» WHAT IS NEEDED
Please set down the data word for word; images do not go in the copy.

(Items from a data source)
---

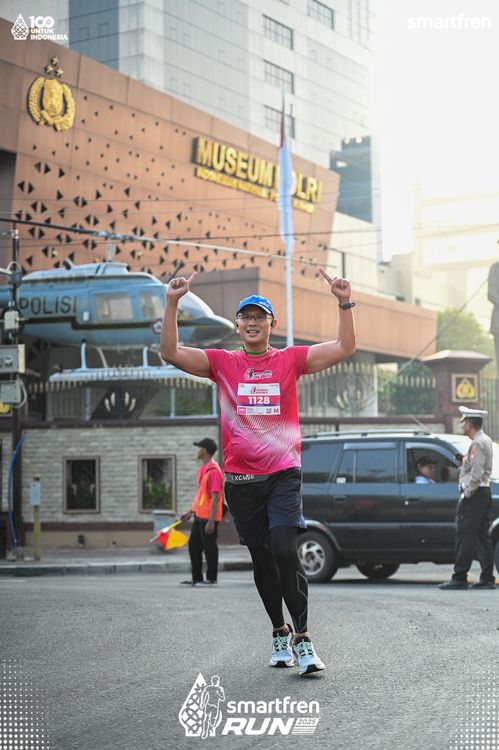 Race photo from Smartfren Run 2025 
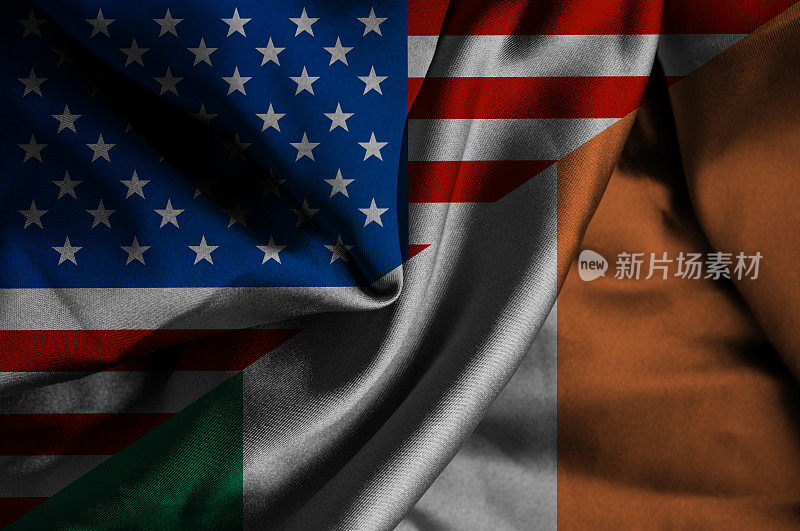 飘扬着爱尔兰和美国的旗帜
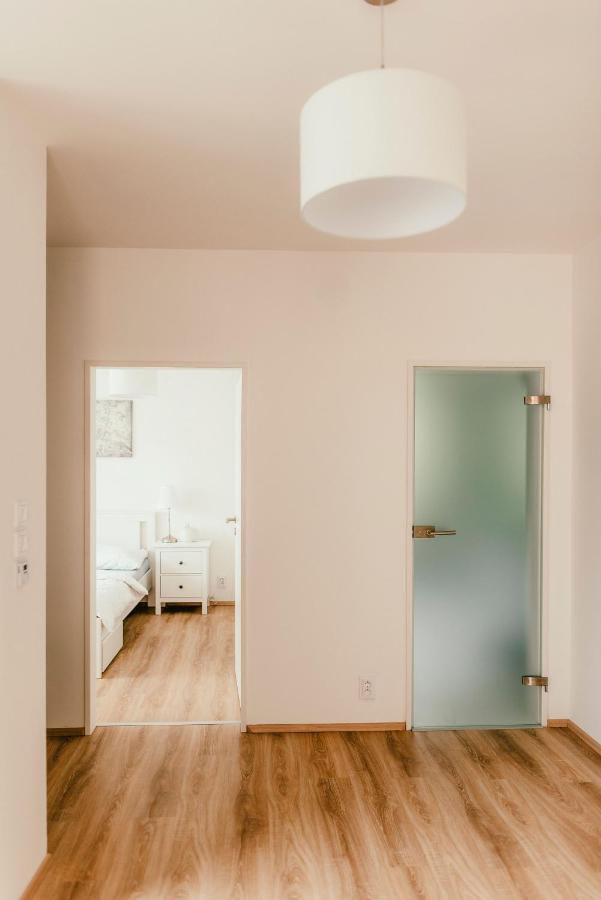 Wake Up Apartments Brno Bagian luar foto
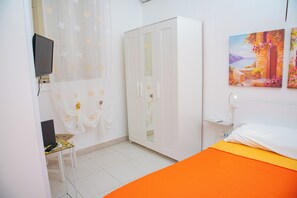 Studio Keluarga, menghadap laut (Nike Home 200m From Sea) | Wi-Fi gratis dan seprai linen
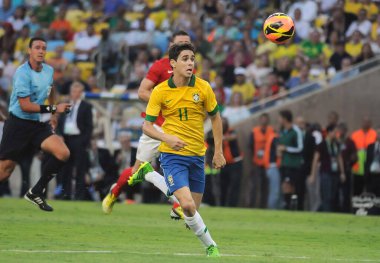 Rio de Janeiro, 2 Haziran 2013. Brezilya Milli Takımı Oscar oyuncusu Brezilya x İngiltere 'nin Rio de Janeiro şehrindeki Maracana Stadyumu' nda oynanan dostluk maçı sırasında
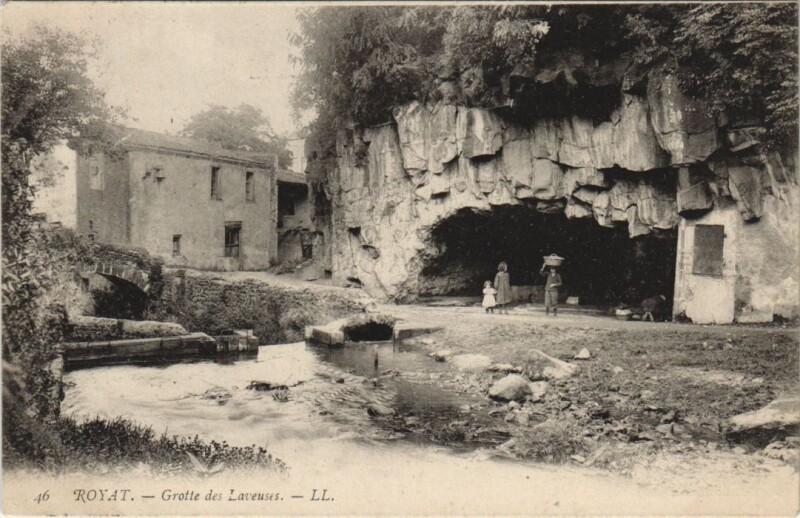 Carte postale ancienne Royat Grotte des Laveuses à Royat
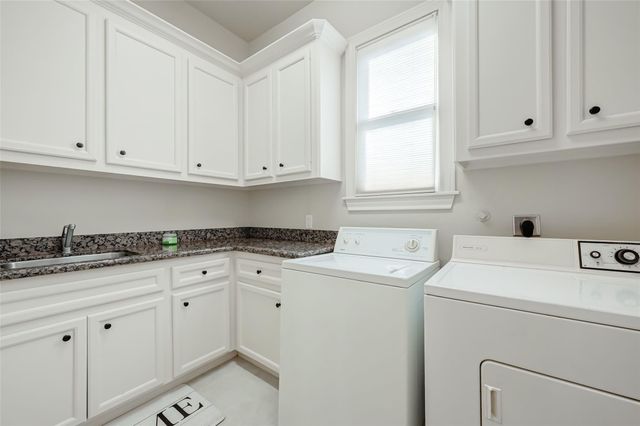 4623 Laurel Street, Bellaire, TX 77401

---

» ANSWER SPACE
 Race photo from Smartfren Run 2025 
 飘扬着爱尔兰和美国的旗帜
 Wake Up Apartments Brno Bagian luar foto
 Studio Keluarga, menghadap laut (Nike Home 200m From Sea) | Wi-Fi gratis dan seprai linen
 Rio de Janeiro, 2 Haziran 2013. Brezilya Milli Takımı Oscar oyuncusu Brezilya x İngiltere 'nin Rio de Janeiro şehrindeki Maracana Stadyumu' nda oynanan dostluk maçı sırasında
 Carte postale ancienne Royat Grotte des Laveuses à Royat
 4623 Laurel Street, Bellaire, TX 77401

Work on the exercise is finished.